* **LISTED RECORDS**:
*****

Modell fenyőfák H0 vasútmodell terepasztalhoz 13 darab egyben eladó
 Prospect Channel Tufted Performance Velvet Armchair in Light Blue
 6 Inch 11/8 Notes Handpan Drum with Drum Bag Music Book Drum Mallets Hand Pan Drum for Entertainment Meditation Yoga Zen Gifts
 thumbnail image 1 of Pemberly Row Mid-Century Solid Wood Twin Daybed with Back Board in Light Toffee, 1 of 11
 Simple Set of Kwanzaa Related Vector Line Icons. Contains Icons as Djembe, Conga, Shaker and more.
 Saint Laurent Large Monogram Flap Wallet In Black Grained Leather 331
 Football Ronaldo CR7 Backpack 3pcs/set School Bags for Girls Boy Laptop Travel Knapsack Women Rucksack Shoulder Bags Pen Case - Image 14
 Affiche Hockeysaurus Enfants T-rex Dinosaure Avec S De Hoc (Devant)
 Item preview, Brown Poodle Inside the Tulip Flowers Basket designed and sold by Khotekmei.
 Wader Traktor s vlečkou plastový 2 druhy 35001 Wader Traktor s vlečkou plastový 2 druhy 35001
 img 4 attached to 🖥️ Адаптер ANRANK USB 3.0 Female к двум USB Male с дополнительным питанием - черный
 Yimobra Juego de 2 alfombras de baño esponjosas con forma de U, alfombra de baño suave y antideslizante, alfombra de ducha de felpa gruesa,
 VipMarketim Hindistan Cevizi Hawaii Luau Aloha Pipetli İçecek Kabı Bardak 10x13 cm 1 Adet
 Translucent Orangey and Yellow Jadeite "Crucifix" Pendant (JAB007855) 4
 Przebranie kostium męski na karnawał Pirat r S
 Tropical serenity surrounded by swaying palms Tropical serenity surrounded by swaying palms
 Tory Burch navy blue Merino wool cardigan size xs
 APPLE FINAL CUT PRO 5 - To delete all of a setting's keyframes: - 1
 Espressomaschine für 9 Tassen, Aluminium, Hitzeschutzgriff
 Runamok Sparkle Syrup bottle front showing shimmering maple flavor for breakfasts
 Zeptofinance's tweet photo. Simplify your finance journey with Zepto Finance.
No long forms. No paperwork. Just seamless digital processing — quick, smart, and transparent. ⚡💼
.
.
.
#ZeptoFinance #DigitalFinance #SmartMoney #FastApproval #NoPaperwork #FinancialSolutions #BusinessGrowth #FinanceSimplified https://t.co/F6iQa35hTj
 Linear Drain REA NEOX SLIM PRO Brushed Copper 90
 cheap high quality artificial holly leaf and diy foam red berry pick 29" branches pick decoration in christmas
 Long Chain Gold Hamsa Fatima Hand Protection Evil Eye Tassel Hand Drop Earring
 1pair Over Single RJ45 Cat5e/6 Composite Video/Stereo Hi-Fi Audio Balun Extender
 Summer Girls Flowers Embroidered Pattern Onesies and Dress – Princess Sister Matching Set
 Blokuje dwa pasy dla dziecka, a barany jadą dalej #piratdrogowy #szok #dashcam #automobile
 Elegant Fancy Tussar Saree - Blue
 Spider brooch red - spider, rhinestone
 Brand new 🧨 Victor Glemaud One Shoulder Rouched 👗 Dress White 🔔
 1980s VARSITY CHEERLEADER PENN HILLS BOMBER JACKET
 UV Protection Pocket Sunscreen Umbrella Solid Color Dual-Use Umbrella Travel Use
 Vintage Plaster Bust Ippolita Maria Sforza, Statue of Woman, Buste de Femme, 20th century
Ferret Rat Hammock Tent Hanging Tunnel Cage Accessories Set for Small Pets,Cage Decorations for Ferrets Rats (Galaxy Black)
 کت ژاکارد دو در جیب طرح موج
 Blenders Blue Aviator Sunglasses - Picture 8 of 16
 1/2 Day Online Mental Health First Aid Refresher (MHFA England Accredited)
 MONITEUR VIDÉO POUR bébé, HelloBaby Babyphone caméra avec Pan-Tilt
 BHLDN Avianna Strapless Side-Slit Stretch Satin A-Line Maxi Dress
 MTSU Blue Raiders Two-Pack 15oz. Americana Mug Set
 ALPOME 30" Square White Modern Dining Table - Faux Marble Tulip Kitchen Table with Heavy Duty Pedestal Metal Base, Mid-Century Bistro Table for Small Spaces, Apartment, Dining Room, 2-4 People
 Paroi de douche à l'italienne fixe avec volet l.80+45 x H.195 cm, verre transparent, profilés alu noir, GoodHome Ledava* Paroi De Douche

*****

* **WORK TO BE COMPLETED**: Starting at the first line of the entries above, please extract each line up to and including the line with "Wader Traktor s vlečkou plastový 2 druhy 35001 Wader", unchanged, and add nothing.

* **RESPONSE**:
Modell fenyőfák H0 vasútmodell terepasztalhoz 13 darab egyben eladó
 Prospect Channel Tufted Performance Velvet Armchair in Light Blue
 6 Inch 11/8 Notes Handpan Drum with Drum Bag Music Book Drum Mallets Hand Pan Drum for Entertainment Meditation Yoga Zen Gifts
 thumbnail image 1 of Pemberly Row Mid-Century Solid Wood Twin Daybed with Back Board in Light Toffee, 1 of 11
 Simple Set of Kwanzaa Related Vector Line Icons. Contains Icons as Djembe, Conga, Shaker and more.
 Saint Laurent Large Monogram Flap Wallet In Black Grained Leather 331
 Football Ronaldo CR7 Backpack 3pcs/set School Bags for Girls Boy Laptop Travel Knapsack Women Rucksack Shoulder Bags Pen Case - Image 14
 Affiche Hockeysaurus Enfants T-rex Dinosaure Avec S De Hoc (Devant)
 Item preview, Brown Poodle Inside the Tulip Flowers Basket designed and sold by Khotekmei.
 Wader Traktor s vlečkou plastový 2 druhy 35001 Wader Traktor s vlečkou plastový 2 druhy 35001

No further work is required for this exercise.